From the Eyes of a Student

30 01 2017

Friday was our first staff conference day for the year. It had been suggested that we wear joggers in case we ended up in the sport group. We were to enrol in two sessions from a choice of four-drama, dance, food and sport. 25 in each group each session, first in best dressed.

It transpired that once we had our instructions and time to clarify our queries we were not to speak English until the end of the second sesssion, including moving between sessions. The sessions were about an hour in duration. We were allowed to draw what we wanted to communicate and we could use mobile devices.

The chosen language for instruction was Spanish as apparently the staff had least familiarity with that language.
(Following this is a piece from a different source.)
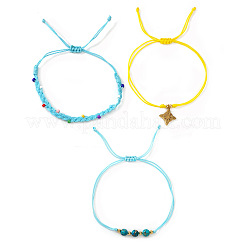 Summer Beach Style Adjustable Synthetic Green Turquoise Imperial Stone Beaded Bracelet Set&nbsp;UQ9789-1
I went to Food which entailed making a recipe. The teacher demonstrated well and although I didn’t really know what she was saying, I knew what I had to do. She did repeat the names of the ingredients so I was able to learn 4 or 5 words that session. The resulting frittata was rather delicious to eat. The development of Spanish sounding English words  by those around me was rather rife.

Off to Sport. Here there was a handout and the major component of the lesson was to go through a series of bingo games, in teams of two or three, to get different answers to each question. Here Google Translate was a great assistance. Also, as the words were written and we could annotate with the translation, we had notes for future reference and revision. At the end of the session the teacher went through the answers. It seemed that there were two different sets of notes which made it hard to follow and hence learn.
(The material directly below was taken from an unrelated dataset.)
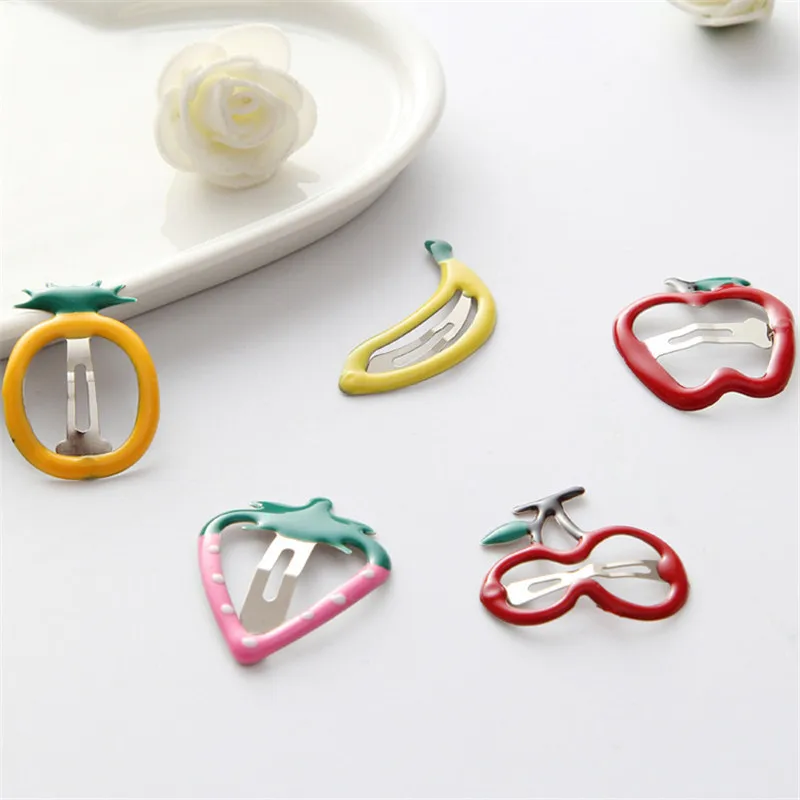 Newly Candy Color Girls Hairpin BB Clips Snap Band Hairpins Kids Hair Accessories Fruit Colorful Children Headwear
All in all, we were thrown back into the shoes of a student. It was a valuable experience to make us more empathetic to the student and to make us more aware of strategies to support the learner – writing important words/points on the board, repeating important words/points, giving notes to annotate and allowing devices to translate/summarise. For Mathematics the latter is probably a formula sheet or perhaps we should get into the habit of developing a topic handout of one example of each question type per topic. I’m still thinking through the experience.

In the debrief session which followed we discussed our reactions and then were asked who was prepared to get up and say a sentence of Spanish. The chosen volunteer had a family background of previous exposure. To me, this reinforced the circular curriculum where we introduce a topic in stage 4, add to it in stage 5 after revising the main facts and similarly further knowledge in stage 6. The challenge is to revise for those needing it and not to bore those with good retention. Even so, those who have good retention have often forgotten one fact which is pertinent to future high mastery. How can we efficiently meet the individual needs of each student whilst maintaining enthusiasm and motivating the student to yearn to learn as much as possible. An enthusiasm for lifelong learning is paramount. It has to become a habit which is enjoyed and sought.

A very worthwhile experience and most relevant, as we continue to develop our strategies to best help every student in our classes.